Today’s transformative digital technologies are dramatically increasing such social spillovers, and not only because they underpin sophisticated logistics networks and just-in-time supply chains. The very nature of the digital economy means that each of our individual choices will affect many other people.
Consider the question of data, which has become even more salient today because of the policy debate about whether digital contact-tracing apps can help the economy to emerge from lockdown faster.
This approach will be effective only if a high enough proportion of the population uses the same app and shares the data it gathers. And, as the Ada Lovelace Institute points out in a thoughtful report, that will depend on whether people regard the app as trustworthy and are sure that using it will help them. No app will be effective if people are unwilling to provide “their” data to governments rolling out the system. If I decide to withhold information about my movements and contacts, this would adversely affect everyone.
Yet, while much information certainly should remain private, data about individuals is only rarely “personal,” in the sense that it is only about them. Indeed, very little data with useful information content concerns a single individual; it is the context – whether population data, location, or the activities of others – that gives it value.
Most commentators recognize that privacy and trust must be balanced with the need to fill the huge gaps in our knowledge about COVID-19. But the balance is tipping toward the latter. In the current circumstances, the collective goal outweighs individual preferences.
But the current emergency is only an acute symptom of increasing interdependence. Underlying it is the steady shift from an economy in which the classical assumptions of diminishing or constant returns to scale hold true to one in which there are increasing returns to scale almost everywhere.

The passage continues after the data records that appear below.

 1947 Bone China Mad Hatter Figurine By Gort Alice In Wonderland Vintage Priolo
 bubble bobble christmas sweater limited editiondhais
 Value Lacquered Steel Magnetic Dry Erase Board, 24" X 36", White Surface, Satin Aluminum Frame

In the conventional framework, adding a unit of input (capital and labor) produces a smaller or (at best) the same increment to output. For an economy based on agriculture and manufacturing, this was a reasonable assumption.

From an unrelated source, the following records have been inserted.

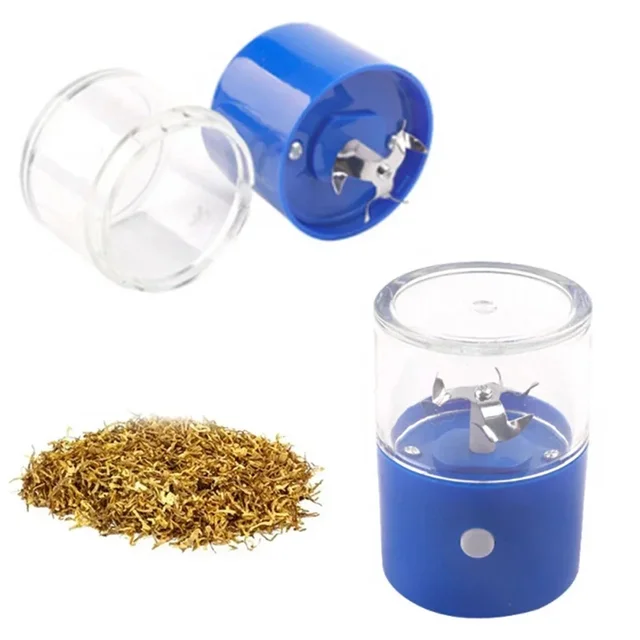1PCS Automatic Tobacco Herb Grinder Grinding Spice Grinder USB Portable Pipe Grinder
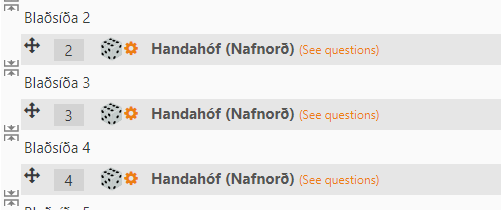 handahófsvaldar spurningar í prófi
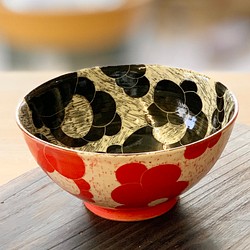 どんぶり鉢（RED＆BLACK） 1枚目の画像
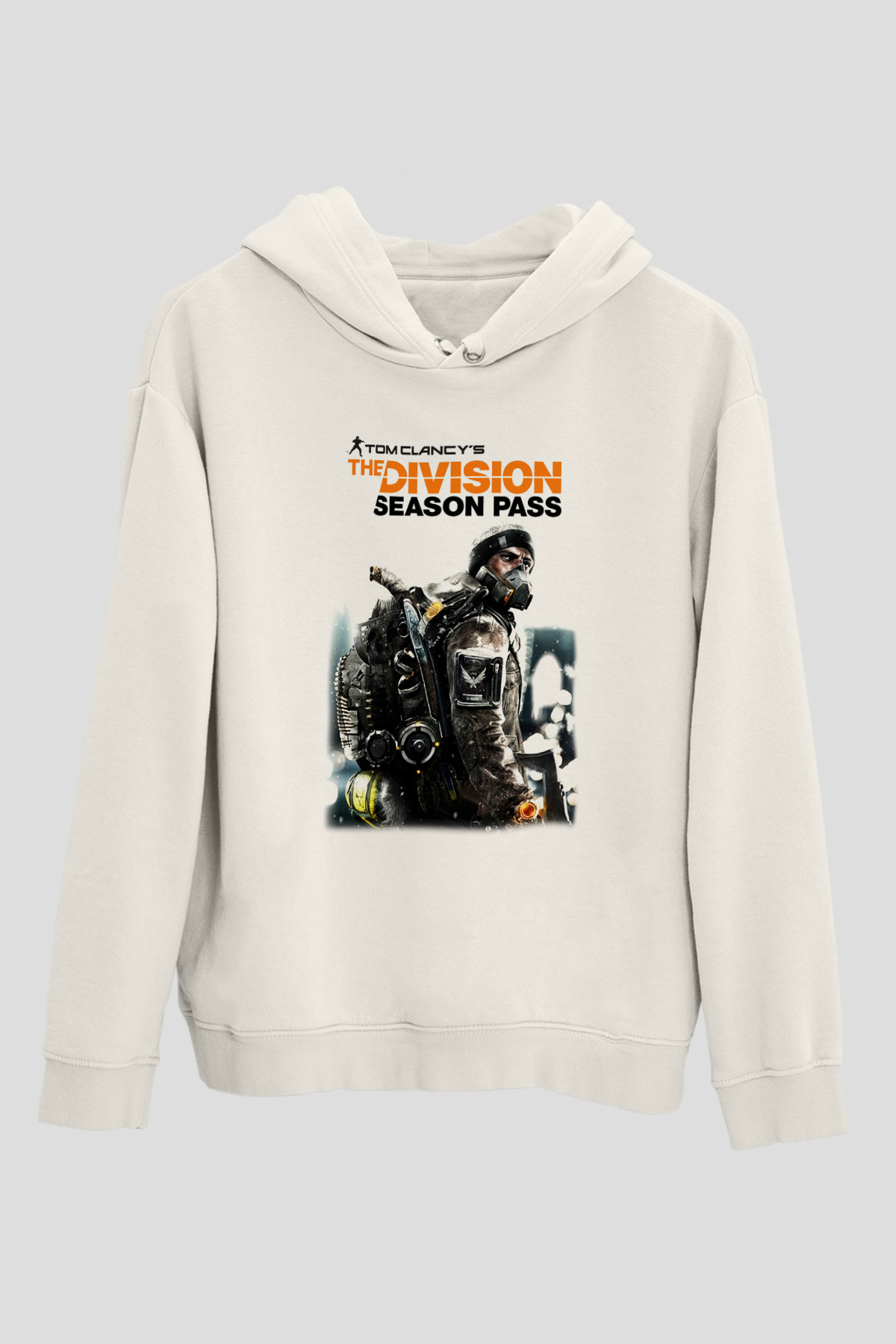 Tom Clancy Beyaz Unisex Hoodie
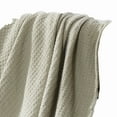 thumbnail image 2 of Nyx Twin Size Ultra Soft Cotton Thermal Blanket Textured Feel Beige, 2 of 5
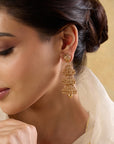 Temple Three-Tiered Jhumka Earrings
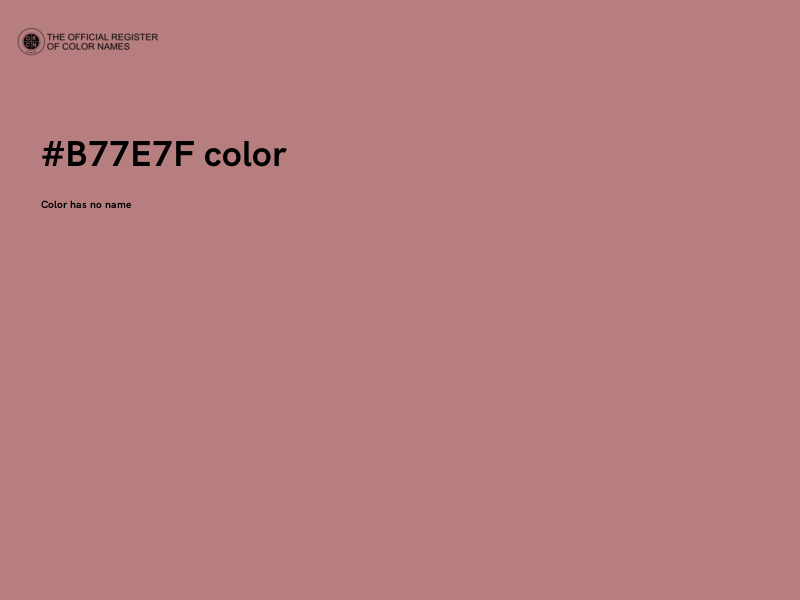 #B77E7F color image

But much of today’s economy is characterized by increasing returns, with bigger firms doing ever better. The network effects that drive the growth of digital platforms are one example of this. And because most sectors of the economy have high upfront costs, bigger producers face lower unit costs.
One important source of increasing returns is the extensive experience-based know-how needed in high-value activities such as software design, architecture, and advanced manufacturing. Such returns not only favor incumbents, but also mean that choices by individual producers and consumers have spillover effects on others.
The pervasiveness of increasing returns to scale, and spillovers more generally, has been surprisingly slow to influence policy choices, even though economists have been focusing on the phenomenon for many years now. The COVID-19 pandemic may make it harder to ignore.
Just as a spider’s web crumples when a few strands are broken, so the pandemic has highlighted the risks arising from our economic interdependence. And now California and Georgia, Germany and Italy, and China and the United States need each other to recover and rebuild. No one should waste time yearning for an unsustainable fantasy.